Looks good buddy, now time for the fun waiting game till in grows in. I really like the "redbird x fireball" broms. A nice bundle of them would look great in any tank. Nice clean lighting fixture also.

I do think the layout could use more cowbell though. And by cowbell, I mean driftwood  The good thing about your design is that you could easily make another freestanding driftwood structure and set it ontop of the substrate if you wanted. I think the future leucs would really appreciate it also. Plus then you can mount more plants.


----------



## hydrophyte

Nice work! This is looking great. It will be cool to watch it grow in.


----------



## therizman2

Looks fantastic!


----------



## Mitch

bratyboy2 said:


> Thats the hardest part!


Haha, yes it is! 



GRIMM said:


> Looks good buddy, now time for the fun waiting game till in grows in. I really like the "redbird x fireball" broms. A nice bundle of them would look great in any tank.
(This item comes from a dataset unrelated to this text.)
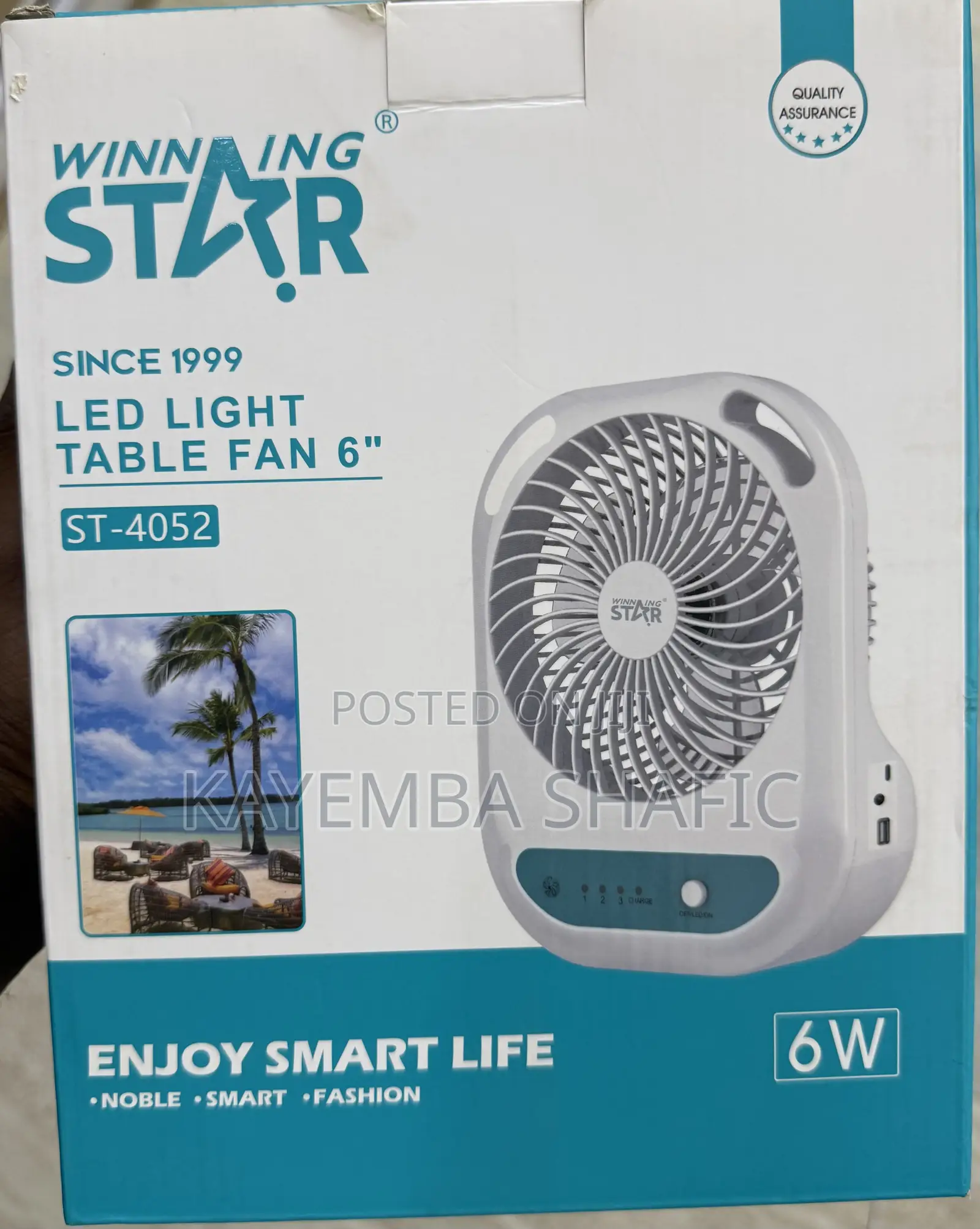 Winning Star 6" Rechargeable Table Fan With Led Light (St-4052)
Nice clean lighting fixture also.
> 
> I do think the layout could use more cowbell though. And by cowbell, I mean driftwood  The good thing about your design is that you could easily make another freestanding driftwood structure and set it ontop of the substrate if you wanted. I think the future leucs would really appreciate it also. Plus then you can mount more plants.


Thanks for the compliments. I'll have to get sone better shots of the "redbird x fireball" broms soon. 

I'm going to wait for the plants to fill in before adding any more driftwood. I'm trying to make good use of negative space in this tank, sort of like how I'm doing that with my 17.4g Reef Tank. Adding more wood would make the tank seem too overcrowded in my opinion, but I'll see how the tank turns out down the road. It's just in it's beginning stages now. 



hydrophyte said:


> Nice work! This is looking great. It will be cool to watch it grow in.


Thanks, I'm definitely excited to watch everything fill in.



therizman2 said:


> Looks fantastic!


Thanks!


----------



## dfrmav

nice job Mitch, looks pretty good. That syngonium rayii is going to take off in a few weeks, just give it time to get used to the location. It usually goes through a shock period for me after I plant it, but after a week or two, it starts to sprout new growth like crazy. 

the broms on the background itself, those are the redbird x fireball? i ordered a pot from tropiflora. how many were in your pot, just out of curiosity?


----------



## Mitch

dfrmav said:


> nice job Mitch, looks pretty good. That syngonium rayii is going to take off in a few weeks, just give it time to get used to the location. It usually goes through a shock period for me after I plant it, but after a week or two, it starts to sprout new growth like crazy.
> 
> the broms on the background itself, those are the redbird x fireball? i ordered a pot from tropiflora. how many were in your pot, just out of curiosity?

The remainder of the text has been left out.